Show there is a single-valued analytic branch $f(z)$ for $\sqrt{z^2-1}$ in $\mathbb{C}\backslash [-1,1]$ such that $f(x) < 0$ for $x>1$. Here $[-1,1]$ denotes a closed interval in $\mathbb{R}$.


The following solution mimics a derivation from Moore and Hadlock's text.
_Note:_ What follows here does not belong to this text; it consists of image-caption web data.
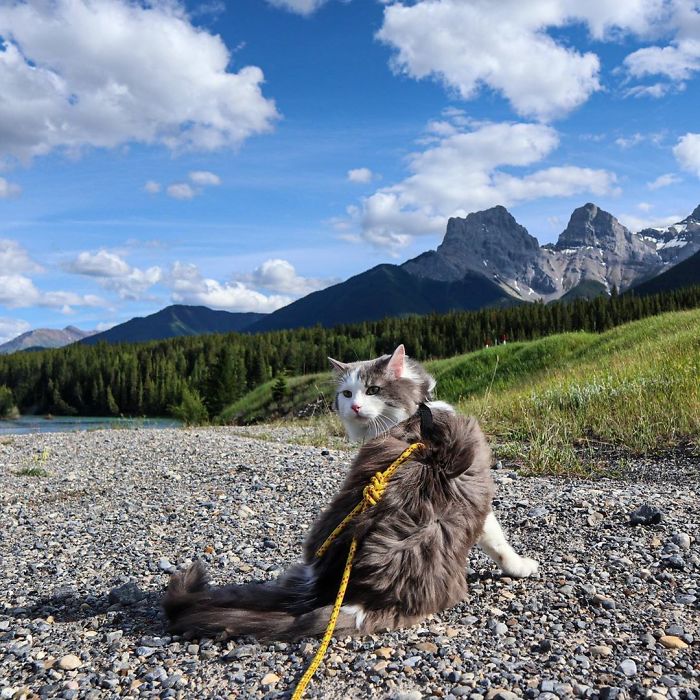 Gary The Adventure Cat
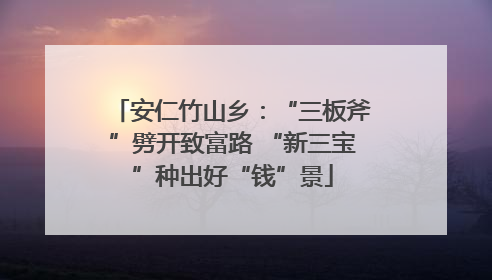 安仁竹山乡：“三板斧”劈开致富路 “新三宝”种出好“钱”景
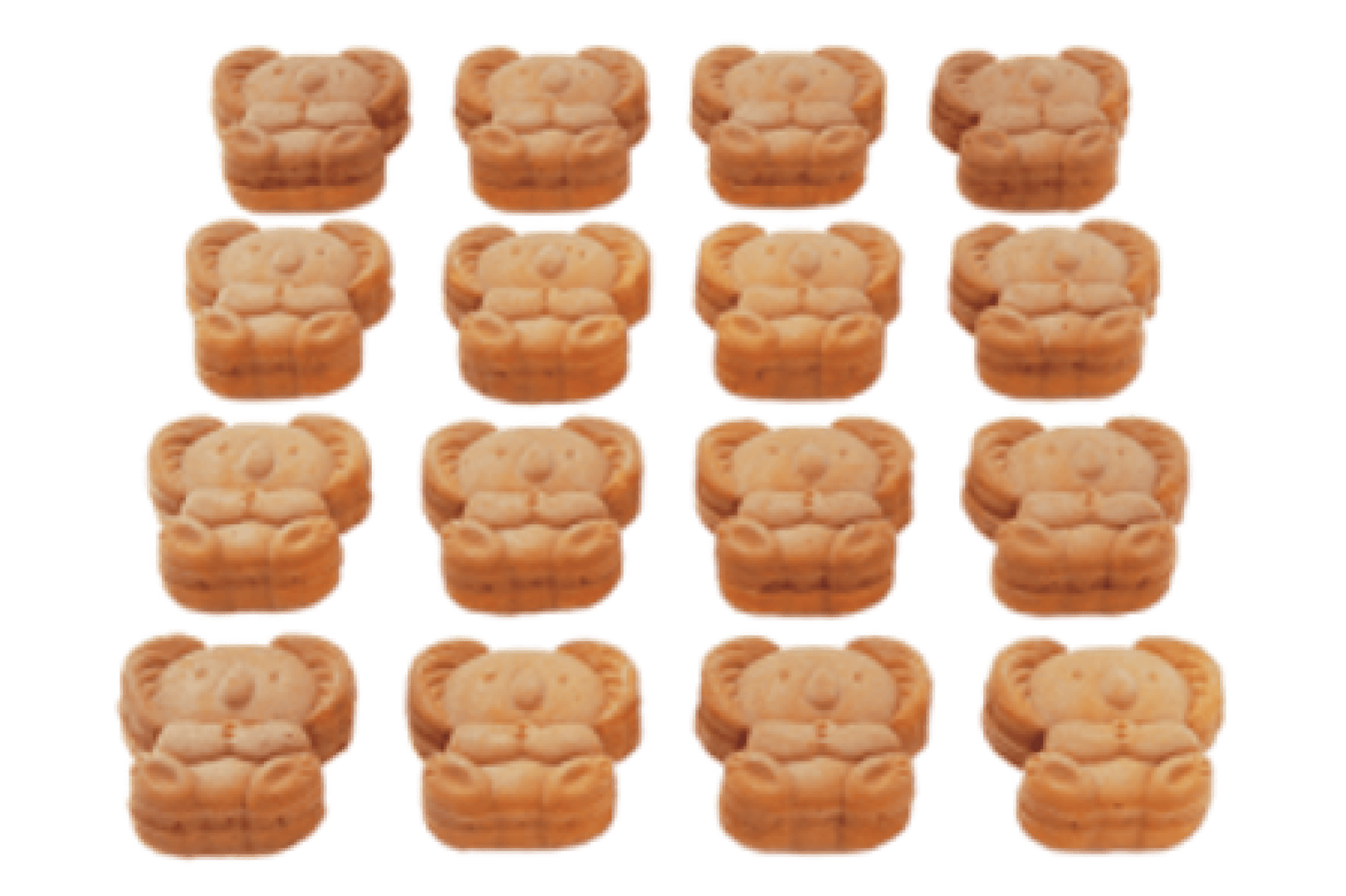 Fünfzehn koalaförmige Kekse, angeordnet in einem Gittermuster auf weißem Hintergrund.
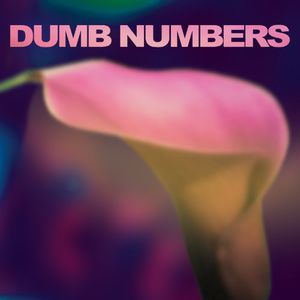 Dumb Numbers , Dumb Numbers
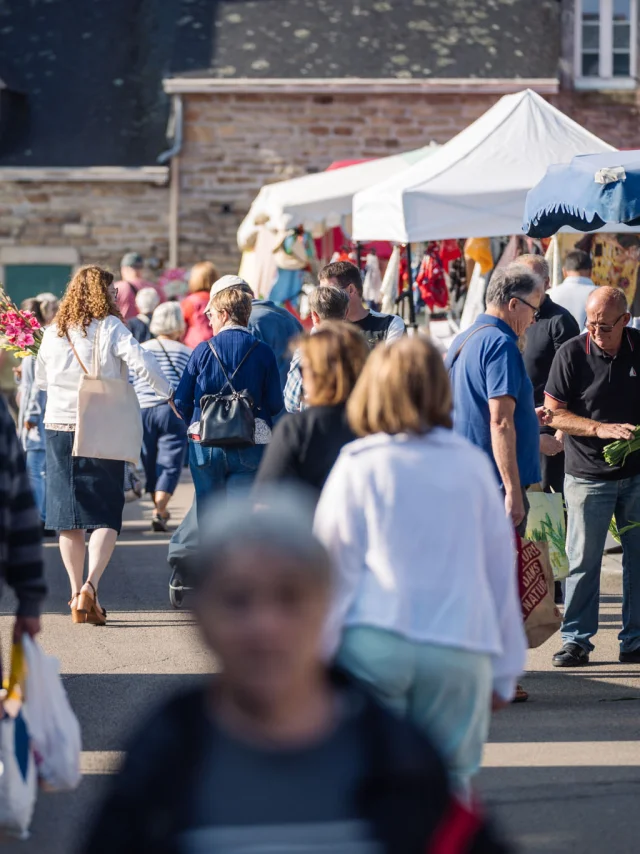 Photographe - vidéaste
Note that $z^2-1 = (z-1)(z+1)$. Consider the following four functions: \begin{align*} w_1(z) &= \sqrt{|z-1|} e^{(i\operatorname{arg_1}(z-1))/2} &\text{ where } \operatorname{arg_1}(z-1) \in [0,2\pi) \\ w_2(z) &= \sqrt{|z+1|} e^{(i\operatorname{arg_1}(z+1))/2} &\text{ where } \operatorname{arg_1}(z+1) \in [0, 2\pi) \\ w_3(z) &= \sqrt{|z-1|} e^{(i\operatorname{arg_2}(z-1))/2} &\text{ where } \operatorname{arg_2}(z-1) \in [-\pi,\pi) \\ w_4(z) &= \sqrt{|z+1|} e^{(i\operatorname{arg_2}(z+1))/2} &\text{ where } \operatorname{arg_2}(z+1) \in [-\pi, \pi) \end{align*} Note that

$w_1$ is analytic on the set $\{ z \in \mathbb{C}: \operatorname{arg}(z-1) \neq 0\} = \mathbb{C} \backslash [1, \infty)$;

$w_2$ is analytic on the set $\{ z \in \mathbb{C}: \operatorname{arg}(z+1) \neq 0\} = \mathbb{C} \backslash [-1, \infty)$;

$w_3$ is analytic on the set $\{ z \in \mathbb{C}: \operatorname{arg}(z-1) \neq \pi\} = \mathbb{C} \backslash (-\infty, 1]$; and

$w_4$ is analytic on the set $\{ z \in \mathbb{C}: \operatorname{arg}(z+1) \neq \pi \} = \mathbb{C} \backslash (-\infty, -1]$.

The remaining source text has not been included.